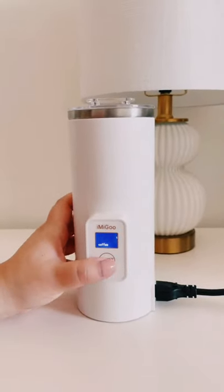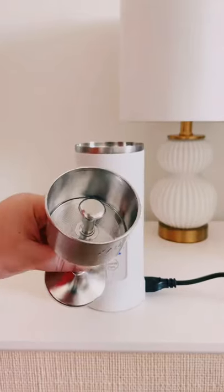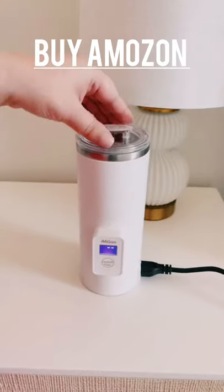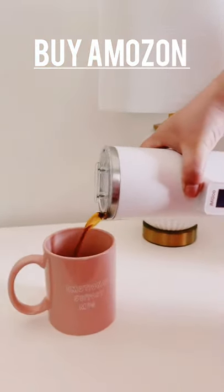Amazon gadgets you need. So this gadget is actually a portable coffee and tea maker. You simply add water, then add ground coffee or tea leaves to the basket, put the basket inside, cover it up, and then power it on. There are different settings for coffee or tea, or you can use it to just boil water. It brews in minutes, and it's great if you're someone who's always on the go.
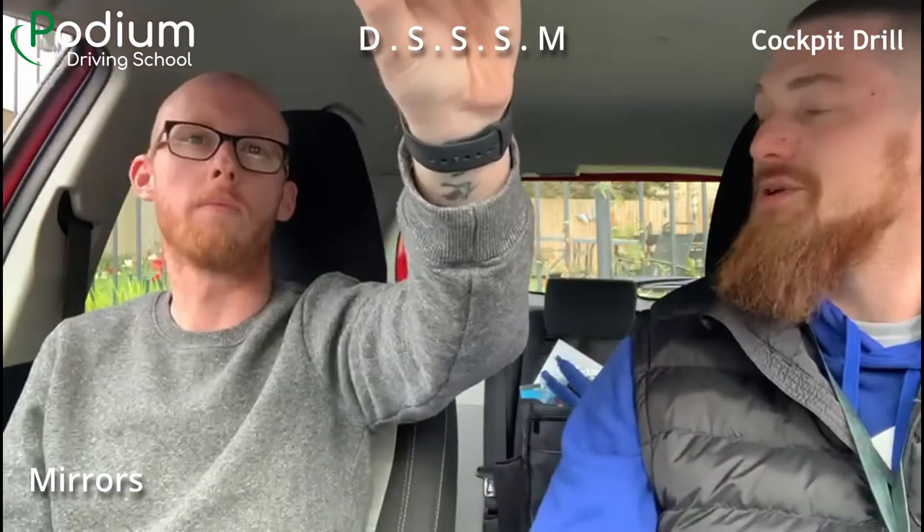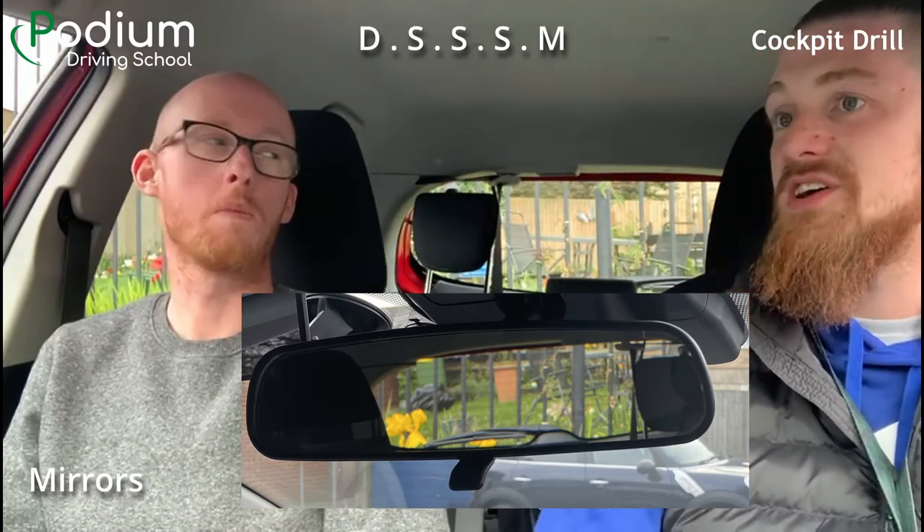Now we need to adjust all of our mirrors. Firstly, our centre mirror — adjust it using your left hand to get the best view of the back window. One thing I noticed: you didn't lean towards it while adjusting — you kept yourself in your driver's position. Try to remember that every time you get in the car.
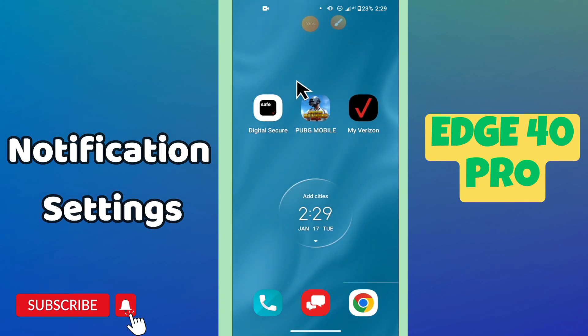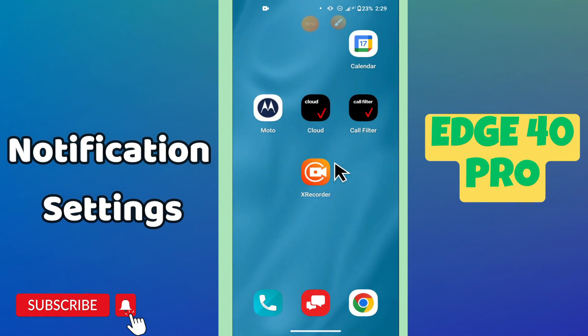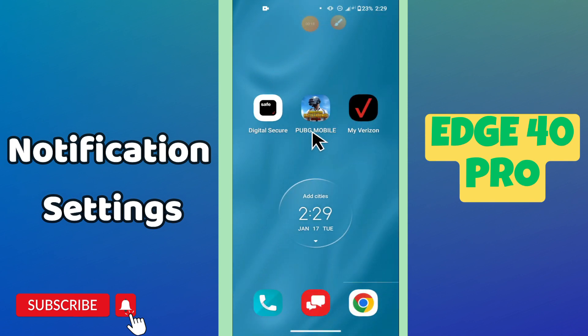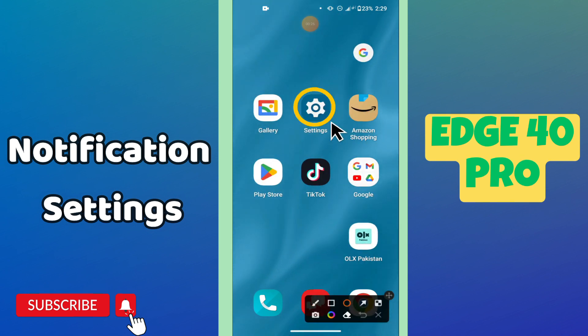Hello everyone, welcome to my YouTube channel. In my latest video I will tell you about the notification settings in your phone, the Metrolite 40 Pro. I will show you how you can easily do any type of notification settings on this device. If you are new to my channel and watching the video for the first time, don't forget to subscribe and press the bell icon. Now let's watch the complete video and learn about it.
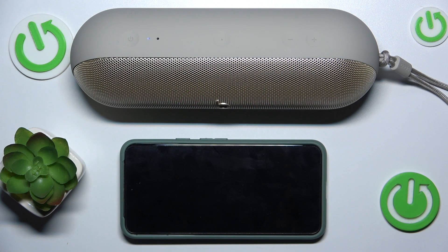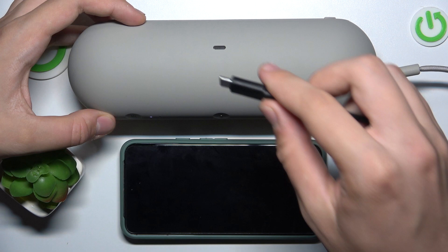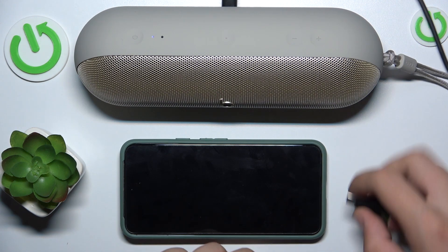Firstly, you have to prepare your phone, your speaker, and a USB-C cable. First, plug into our phone.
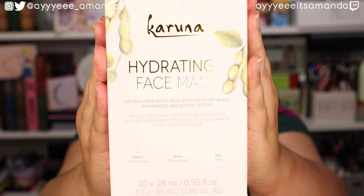Next, we have the Karuna hydrating face masks. I definitely don't need any more sheet masks, but I saw the word 'hydrating,' it's a new brand, and I had to give it a try. It's supposed to help hydrate, revive, and glow. It is free of parabens, phthalates, formaldehyde, SLS, and mineral oils — and it's vegan. I broke it down to about two dollars a sheet mask, which isn't bad. My skin has been super dry lately, which is unusual given the heat and humidity.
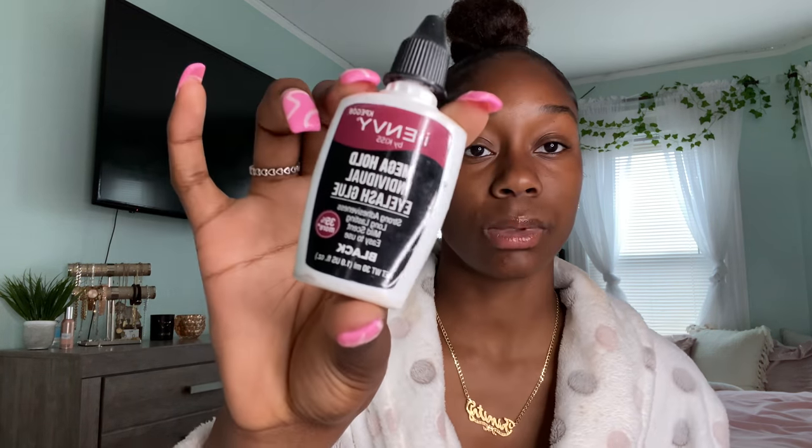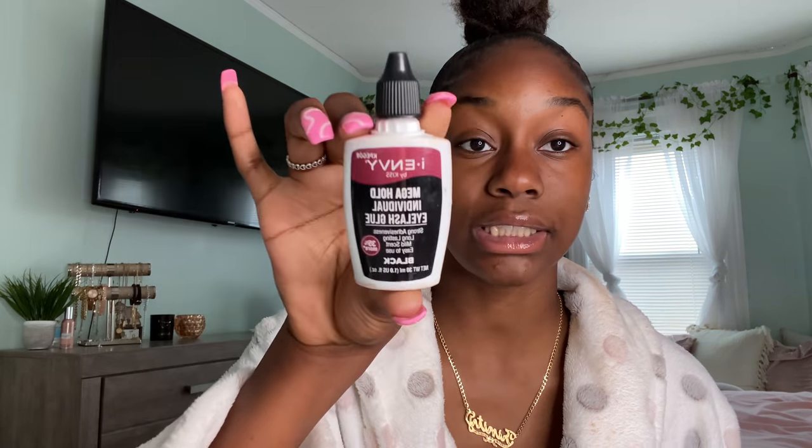The glue I use is the I Envy by Kiss — the Mega Hold Individual Lash Glue. It says strong adhesive, long lasting, mild scent, and easy to use. It is easy to use, but it does have a scent that could be strong to your eyes or make you want to cry. When I first started using it, it did make me want to cry, but it gets better each time. And then lastly, this fan — this is so your lashes can dry so when you move on to the next lash, the other one doesn't come up. It's very helpful, comes with a charger, and right now I'm charging it.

--- Task to complete ---
Omitting all pictures, restate exactly the lines of the material from its start through the line that contains "Now we need".

--- Exercise solution ---
Amazon gadgets you need. So this gadget is actually a portable coffee and tea maker. You simply add water, then add ground coffee or tea leaves to the basket, put the basket inside, cover it up, and then power it on. There are different settings for coffee or tea, or you can use it to just boil water. It brews in minutes, and it's great if you're someone who's always on the go.
Now we need to adjust all of our mirrors. Firstly, our centre mirror — adjust it using your left hand to get the best view of the back window. One thing I noticed: you didn't lean towards it while adjusting — you kept yourself in your driver's position. Try to remember that every time you get in the car.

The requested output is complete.